» **EXERCISE DIRECTIONS**:
Write out all the data verbatim. Skip images.

» **DATA EXCERPT**:
################

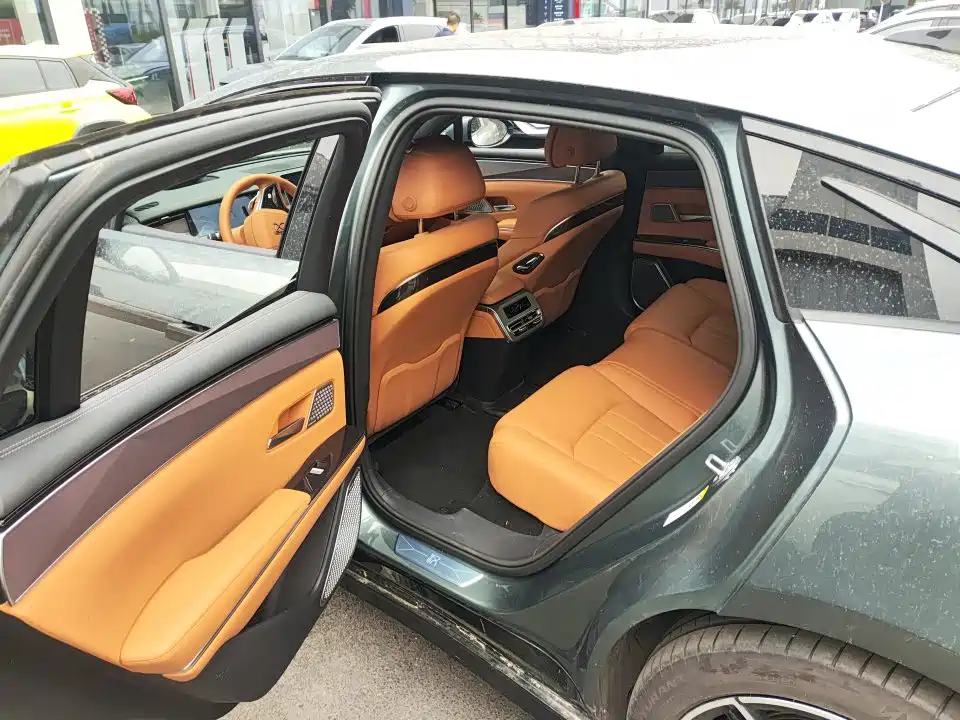 BYD Han L 2025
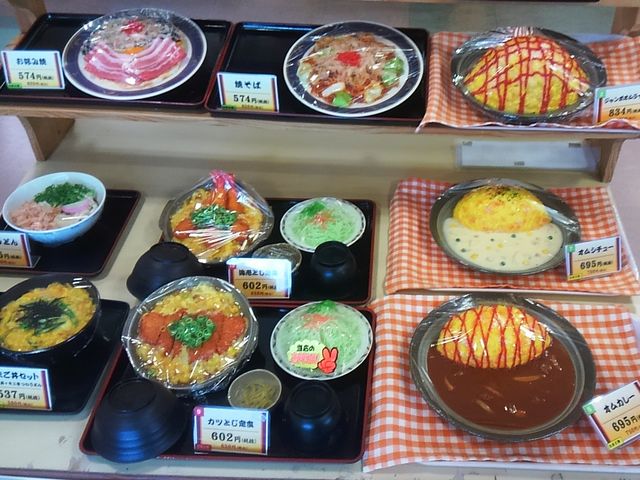 右上のジャンボオムライスの大きさに注目!_伊賀ドライブイン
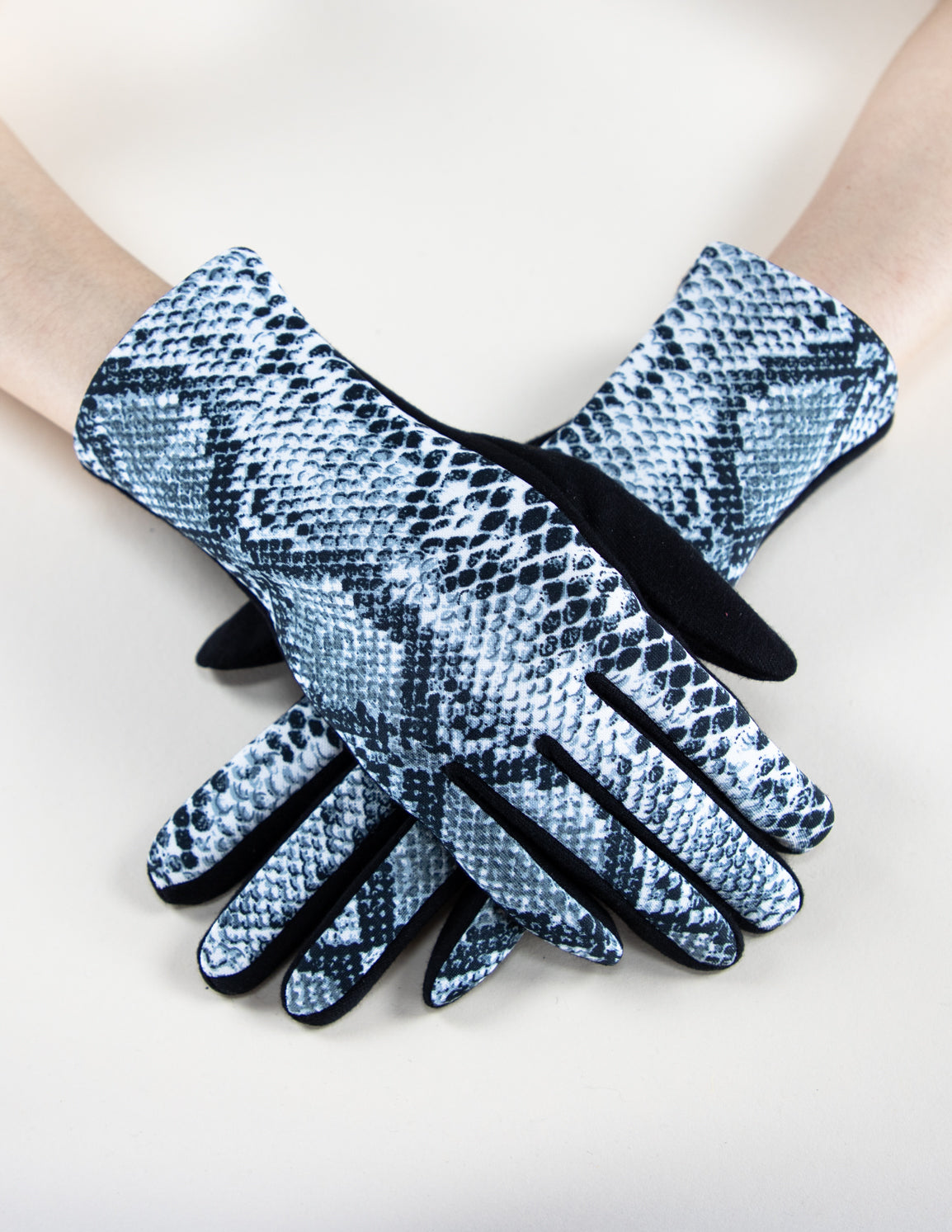 Snake Skin Print Black Gloves
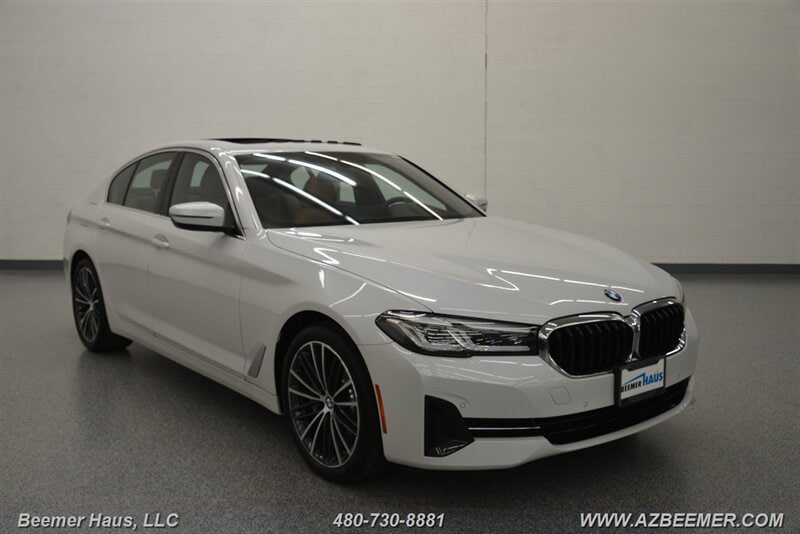 Used 2023 BMW 530i w/ Premium Package RWD image 7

################

» **ANSWER SPACE**:
 BYD Han L 2025
 右上のジャンボオムライスの大きさに注目!_伊賀ドライブイン
 Snake Skin Print Black Gloves
 Used 2023 BMW 530i w/ Premium Package RWD image 7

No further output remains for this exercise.